A nova sensação do esporte mundial está conquistando muito mais do que fãs, está se transformando em uma verdadeira vitrine para diversas marcas
O lutador Anderson Silva (Spider) entra no octógono. Do outro lado, outro brasileiro, Vitor Belfort. A luta é cheia de expectativa, afinal, os dois possuem uma série de títulos, vitórias históricas na modalidade e decidem o cinturão dos médios no UFC 126 em um duelo apelidado de "luta do século". Mais do que isso, eles entram com a missão de aproximar o esporte do público. E o resultado do duelo naquele dia 6 de fevereiro de 2011 foi além do esperado.
"A luta entre Anderson Silva e Vitor Belfort foi a primeira real mobilização popular em torno do MMA (Artes Marciais Mistas) no Brasil. Todos queriam ver o duelo entre o número um do país e o lutador brasileiro mais popular entre as pessoas que não eram fãs do esporte", afirma Alexandre Matos, editor do MMA Brasil, portal referência na modalidade.
Segundo ele, esse foi o grande estopim para a alavancada do MMA e das competições do UFC (Ultimate Fighting Championship) – que hoje está se transformando na nova "menina dos olhos" dos amantes de esporte e também do marketing.

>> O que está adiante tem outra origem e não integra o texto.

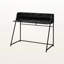 Bureau d'ordinateur Hildon à finition noire avec rehausse et pieds en métal, H 39,12 po x l 47,02 po x P 23,52 po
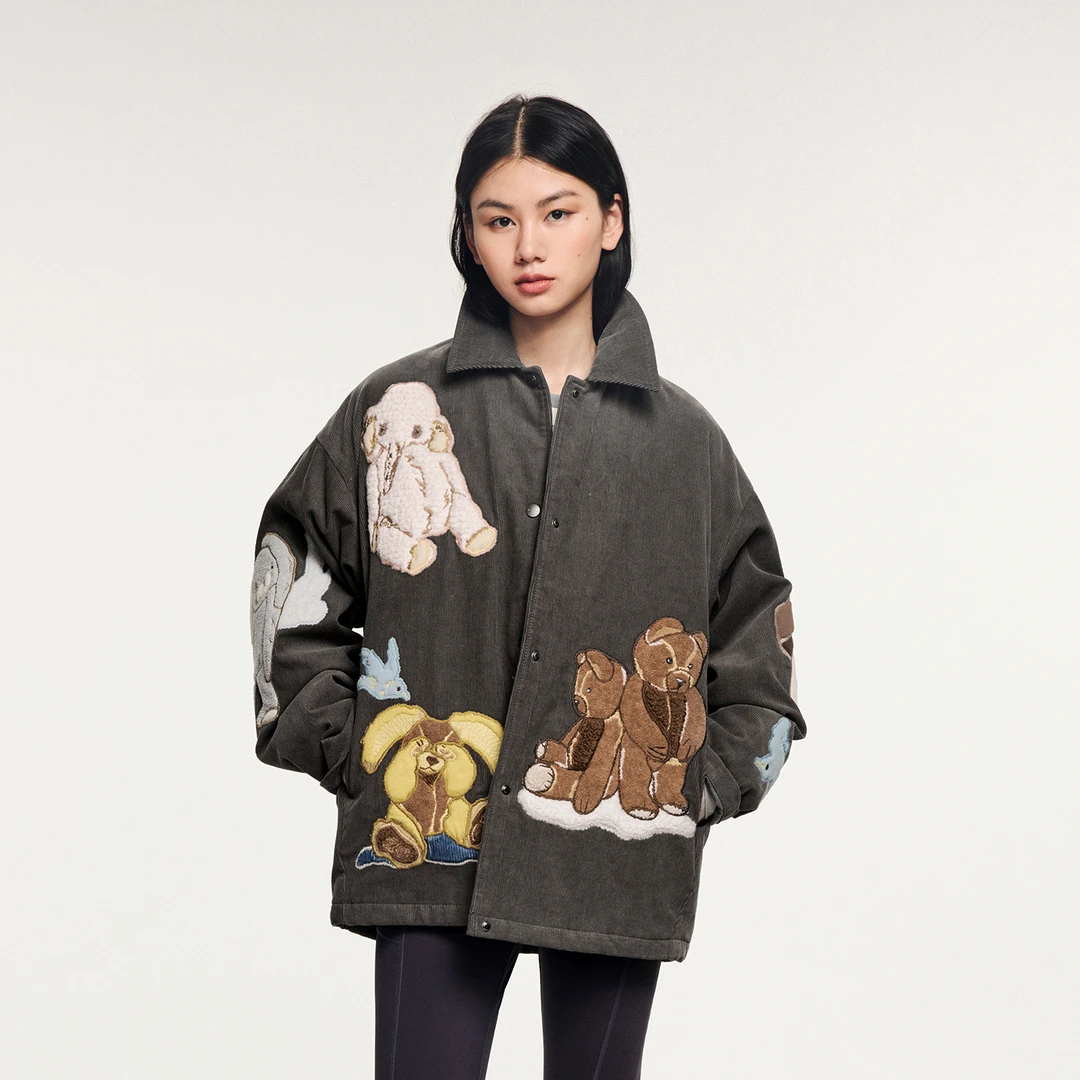 UOOYAA/乌丫2025冬季新款「奇幻精灵」立体贴布刺绣棉服4241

E os números são impressionantes no Brasil e no mundo. De acordo com a empresa de marketing esportivo Turnkey Sports, o UFC transformou-se na marca esportiva mais valiosa dos Estados Unidos em 2011. Com a renda média de 70 milhões de reais por noite, o evento superou ligas como NBA (de basquete), NFL (de futebol americano) e X-Games (de esportes radicais).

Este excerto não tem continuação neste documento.